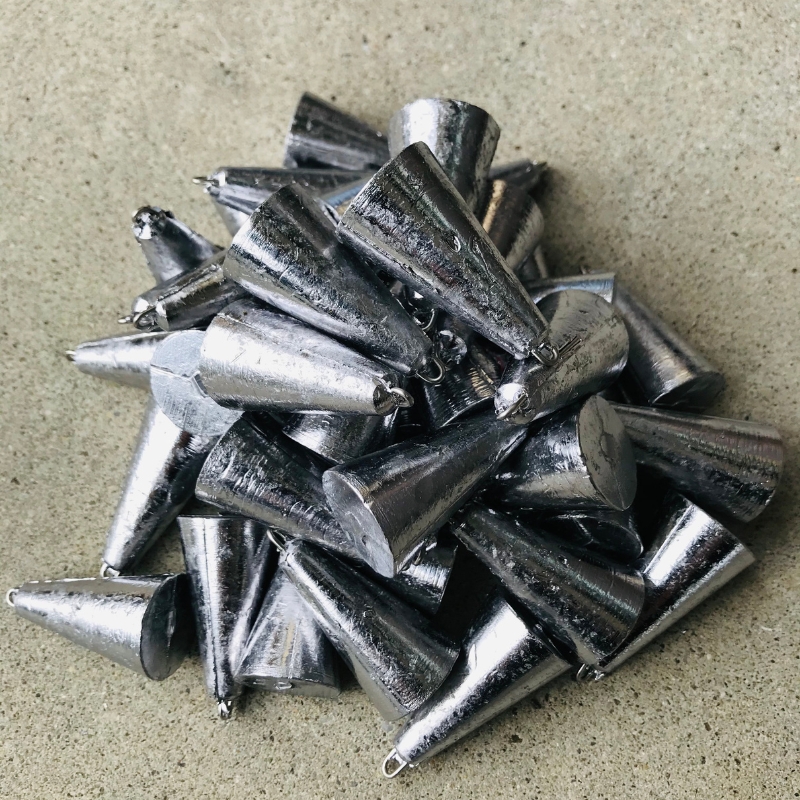 釣鐘 オモリ 25号 40個 釣り おもり 釣り具 釣り用品 海釣り 兵庫県 洲本市 淡路島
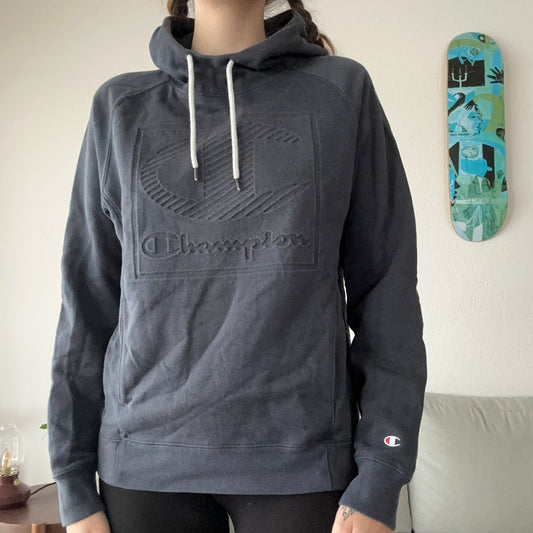 Sweat à capuche Champion gris | Bern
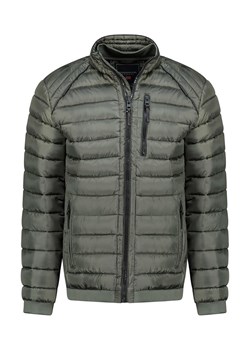 Geographical Norway Kurtka pikowana &quot;Alonzo&quot; w kolorze khaki ze sklepu Limango Polska w kategorii Kurtki męskie - zdjęcie 186609747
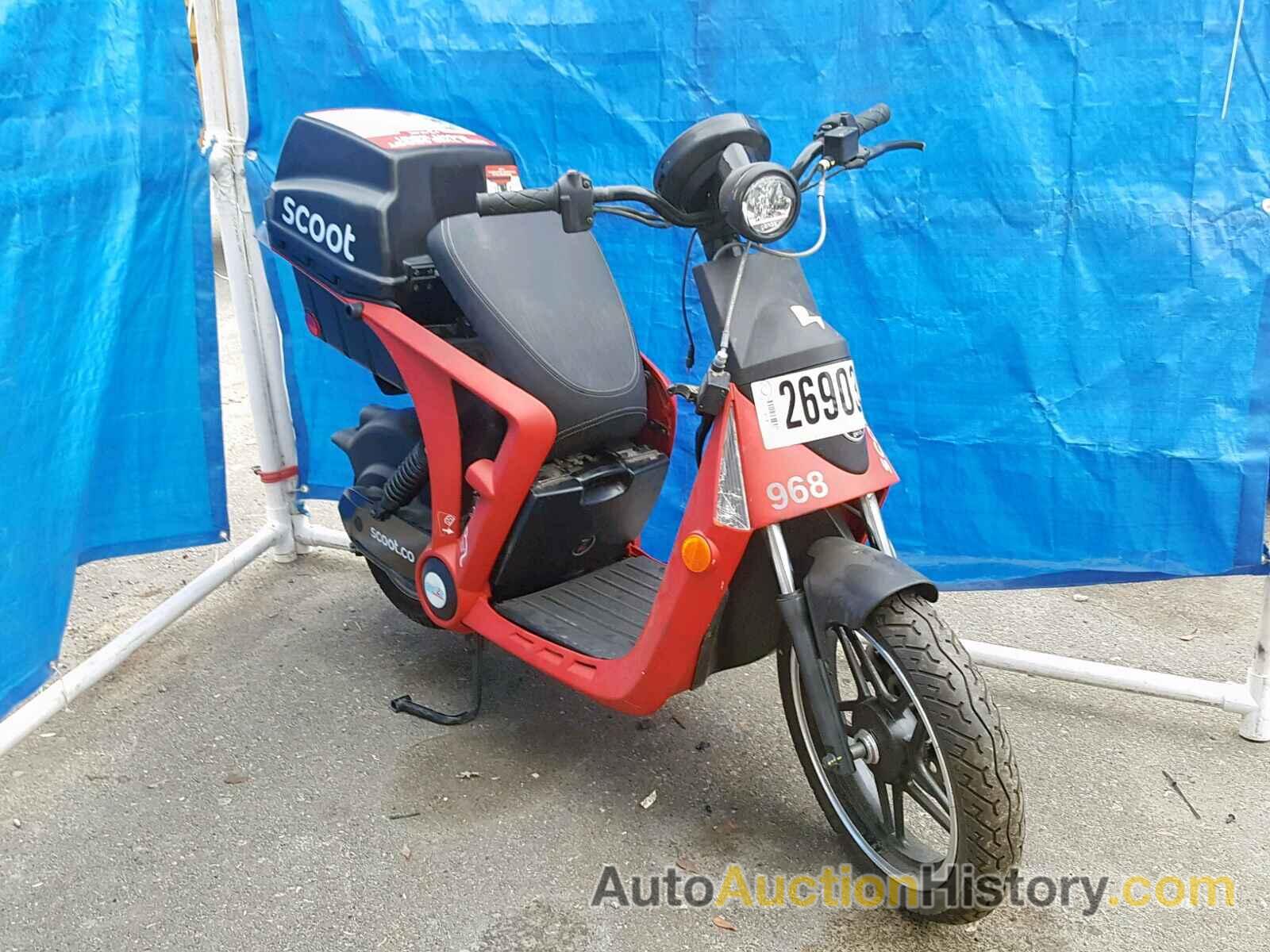 2016 OTHER SCOOTER, 58DGS4116GAV00845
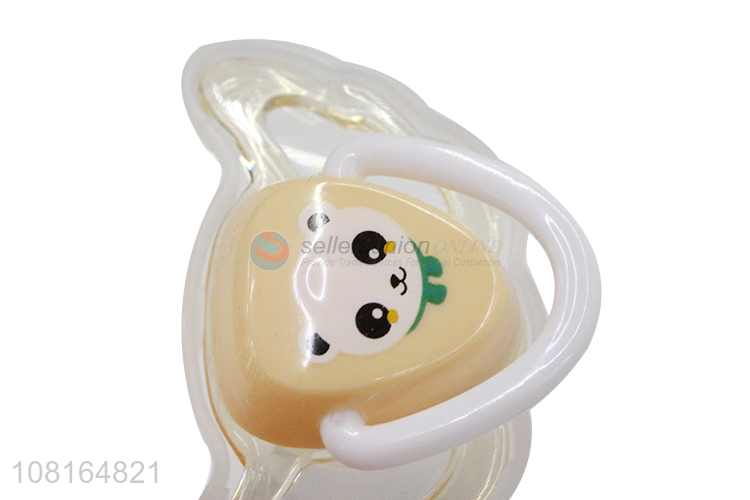 New arrival food grade silicone baby nipple baby pacifier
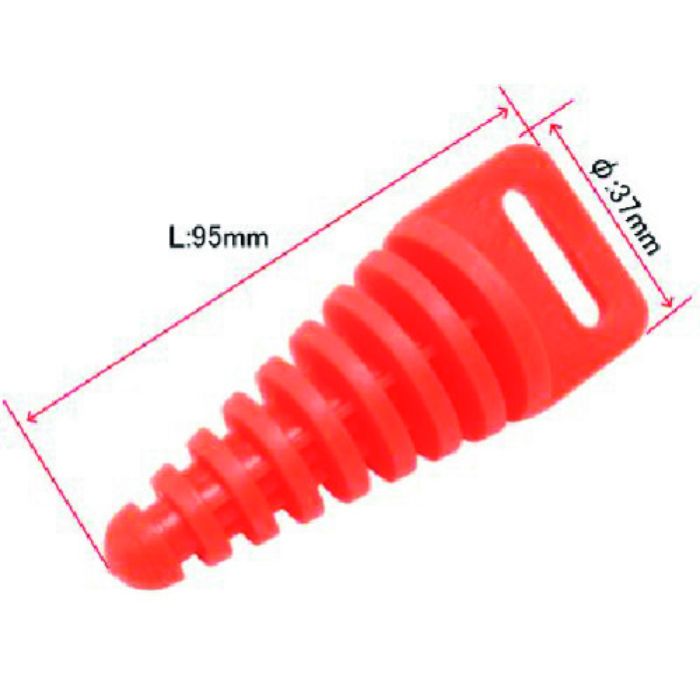 アストロプロダクツ 二輪車整備工具 マフラープラグ S 全長95×外径37mm(Tcode:1954311)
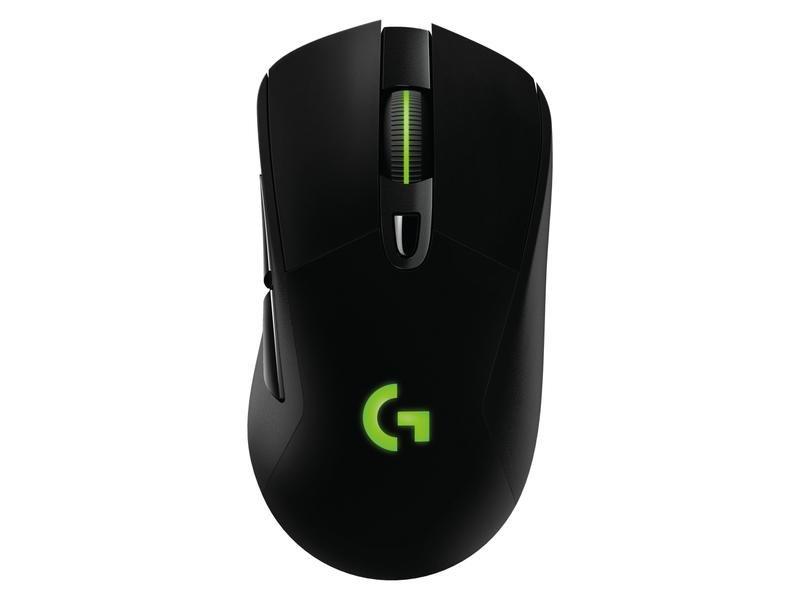 Logitech G G703 LIGHTSPEED Wireless Gaming Mouse with HERO 16K Sensor/LIGHTSYNC RGB/POWERPLAY Compatible/Lightweight 95g+10g Optional/100-16000 DPI..., , large image number 3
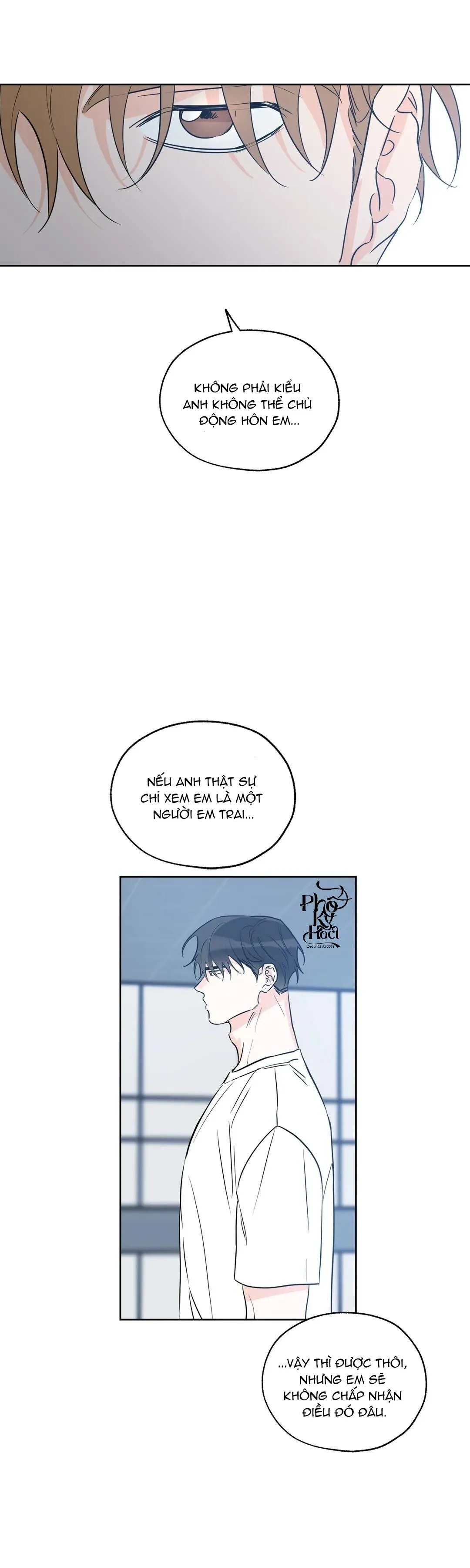 Thiên Đường May Mắn Chapter 25 Trang 6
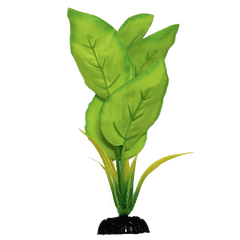 Fish Gear Green Anubias Silk Aquarium Plant (8")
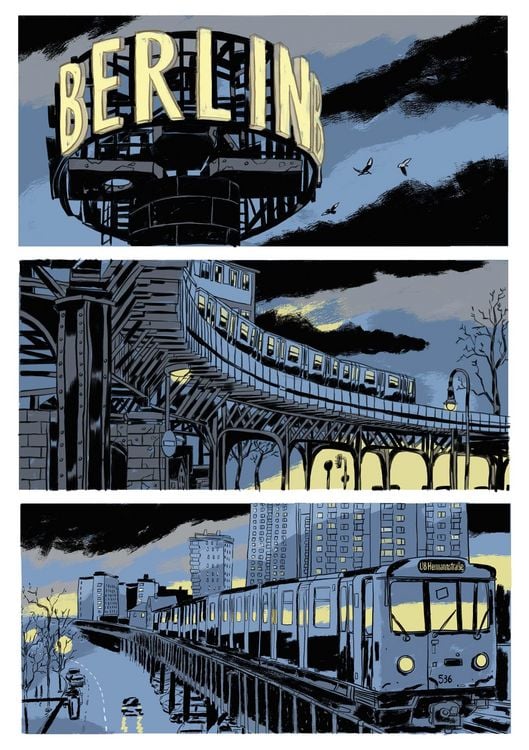 Produktbild: Der Augensammler (Graphic Novel)
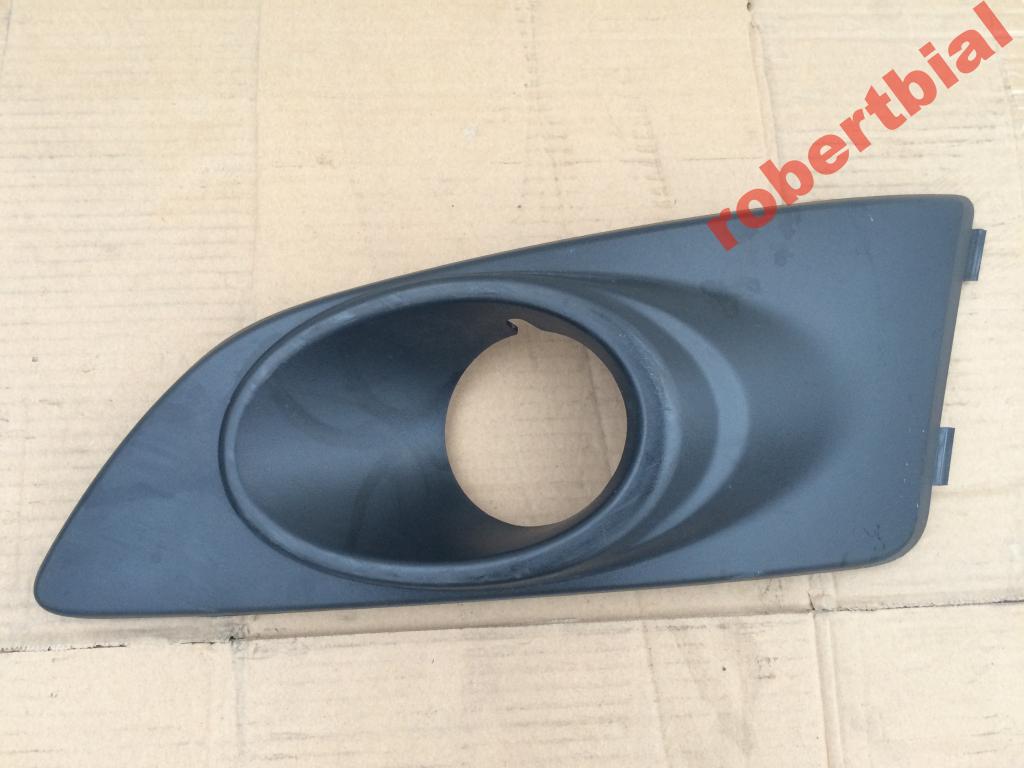 фото №1, Chevrolet aveo решітка w бампер ліва 2012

- **TRY IT**: Print exactly the lines above that run from the one with "2016 OTHER SCOOTER, 58DGS4116GAV00845" down to the one with "Fish Gear Green", and omit the pictures.

- **OUTPUT BELOW**:
 2016 OTHER SCOOTER, 58DGS4116GAV00845
 New arrival food grade silicone baby nipple baby pacifier
 アストロプロダクツ 二輪車整備工具 マフラープラグ S 全長95×外径37mm(Tcode:1954311)
 Logitech G G703 LIGHTSPEED Wireless Gaming Mouse with HERO 16K Sensor/LIGHTSYNC RGB/POWERPLAY Compatible/Lightweight 95g+10g Optional/100-16000 DPI..., , large image number 3
 Thiên Đường May Mắn Chapter 25 Trang 6
 Fish Gear Green Anubias Silk Aquarium Plant (8")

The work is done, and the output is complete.